Noto una sensación curiosa en la cabeza, como si flotara. Emma, que se inclina para examinar la herida, parece brillar como la hierba cubierta de rocío a la luz del sol de la mañana. Me pide que me relaje, pero me he quedado atrapado en sus ojos y, en vez de hacerlo, dejo que las palabras me lleguen a los labios.
—¿Quieres hacer algo después? —le pregunto.
—¿Hacer algo? —pregunta, y su cara expresa una mezcla de sorpresa y asco.
—Sí, ir al bar o a dar un paseo. Cualquier cosa, la verdad.
—Mi mejor amiga pierde a su hijo, tú estás a punto de perder a tu hermano, ¿y solo quieres llevarme al bar?
Puesto así, reconozco que parece un poquito despreciable.
—No te pareces en nada a él, ¿lo sabías? —añade—. Puede que por fuera seáis iguales, pero por dentro sois muy diferentes.
Esas palabras duelen, aunque son ciertas.
—Emma, cielo, no es tan malo —interviene Carter desde la puerta—. Cada uno se enfrenta a las cosas a su manera.
No sé bien por qué sale Carter en mi defensa. A lo mejor es que no puede dejar de preocuparse por mí, incluso ahora, años después de mis problemas de salud. O quizá sea porque era muy amiga de mi madre o porque le recuerdo a mi padre; me ha contado mil veces lo mucho que Blaine y yo nos parecemos a él. En cualquier caso, se lo agradezco.
—¿Os han metido en esto? ¿El Consejo? —pregunta Emma—. Te han asignado a mí, ¿verdad? —insiste, atravesándome con la mirada.
—No, qué va. No me han asignado a nadie. Hacen la vista gorda por Blaine y el Rapto. No he tenido que ver a nadie en las últimas semanas y dudo que tenga que hacerlo hasta dentro de otras tantas.
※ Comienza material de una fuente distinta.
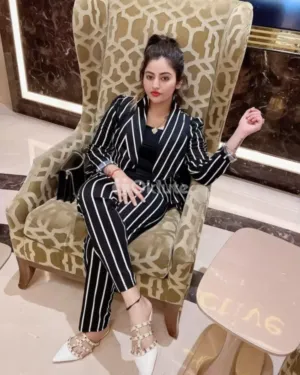 Bhiwnandilow Price Genuine Escort Call Girlnswf33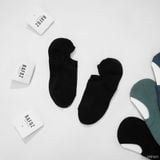  Set vớ ngắn RAFOZ - 001 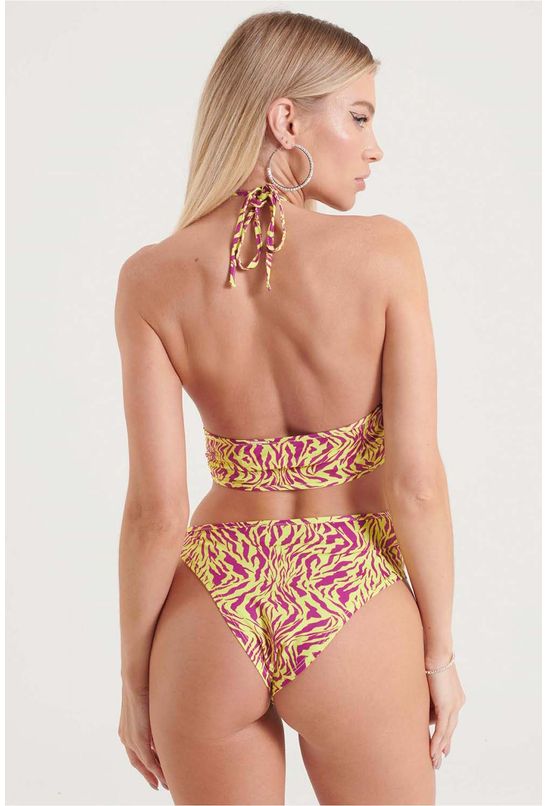 Body-assimetrico-estampado-myft-esquerda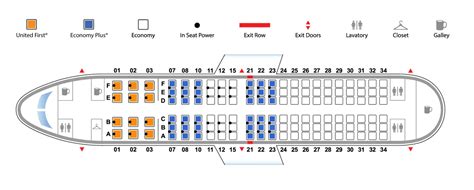 Hawaiian Airlines Boeing 717 Seat Map Updated Find The Best Seat ...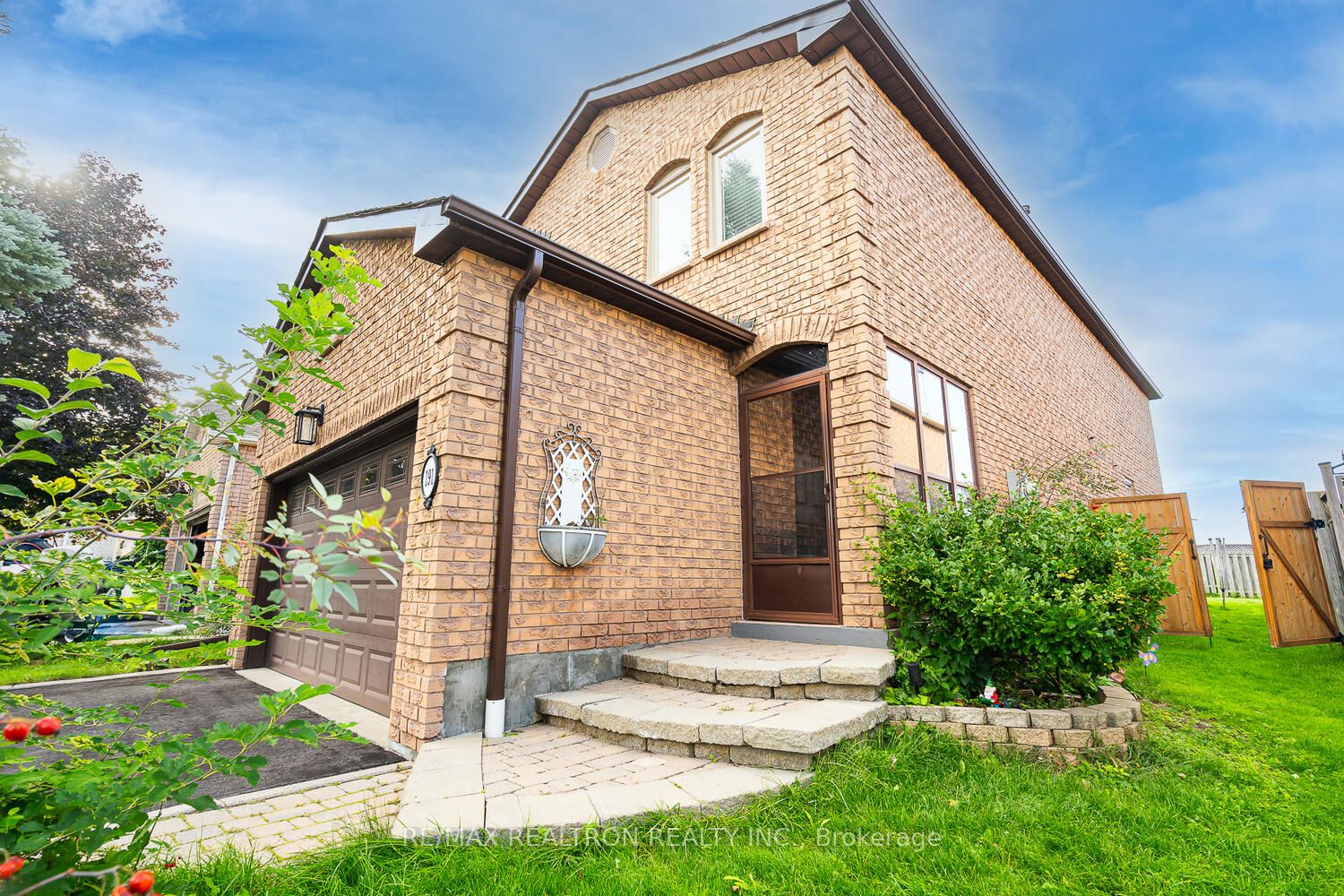 191 Billings Cres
La cabeza empieza a darme vueltas, quiero dormir, pero me resisto.
—Entonces, ¿crees que es un honor para mí porque lo haces de verdad? —pregunta Emma, frunciendo el entrecejo—. ¿Que debería estar contenta porque intentas cortejarme por voluntad propia y no por el Consejo?
Tiene la expresión ceñuda y los brazos en jarras; nunca la había visto tan enfadada.
—Olvídalo, Emma, ¿vale? Solo preguntaba. Nadie te obliga. —Me dejo caer en la cama, agotado. La medicina ha ganado.
Emma se inclina sobre mí y centra sus grandes ojos en mi mandíbula. La aguja se acerca a mi piel, aunque no hay dolor. Es solo ella, cosiendo mis pedazos como si fuera una colcha; después llega la oscuridad y me quedo dormido.